Friday: Dozens of phone calls from supporters (but not IDS) and the media. I decline to do any radio or television interviews and go back to the garden. Owen Paterson says IDS will ring over the weekend.
Saturday: Chairman May responds to my demands through friendly journalists. In a letter to the Telegraph she says she did not know anything about all this expulsion business, but does not explain or apologise for the briefing by senior party people. I say I am glad that the nastiness is all over. My son and I go shooting. The weather at first is awful, so I load for him. He is well below his usual form. After lunch the sun comes out and he loads for me and I shoot far above my normal standard. Someone pulls William's leg: 'I see your father shot better than you today.' 'Yes,' says William. 'He had a better loader.' I'm proud of him!

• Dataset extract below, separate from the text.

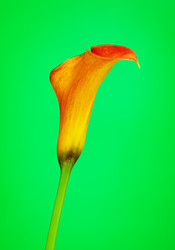 Similar image 10922261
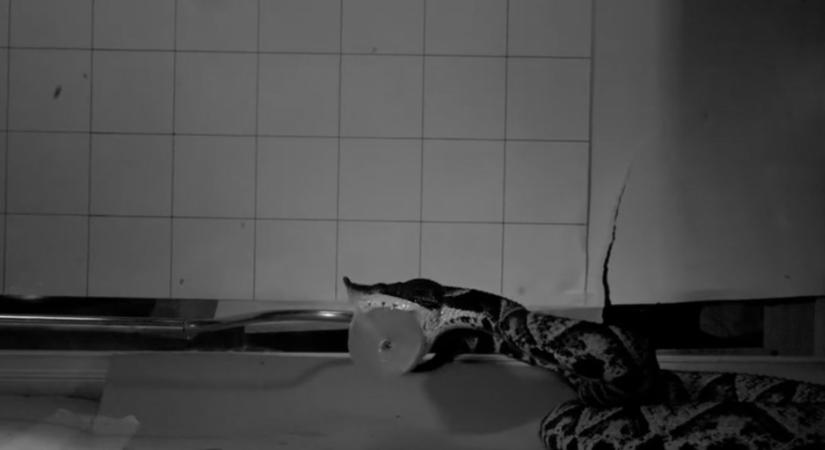 Videó: sosem látott lassításban nézhetjük végig a mérges kígyók támadásait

Sunday: A quiet day with the papers. The Telegraph is not bad. The Mail on Sunday is terrific: a great exposZ of 'The Movement', naming its leaders as Douglas Smith, who runs 'C-Change' (a think-tank set up by former party chairman Archie Norman and Francis Maude), and Mark MacGregor, chief executive of the Conservative party and supporter of Portillo's leadership bid. Still no phone call from IDS. I am attacked by shadow agriculture secretary Tim Yeo. I suppose I should be angry but I really can't manage that. Poor Tim. He has had a worse week than I. Remember, he was sacked by John Major for adultery. That really is unfair.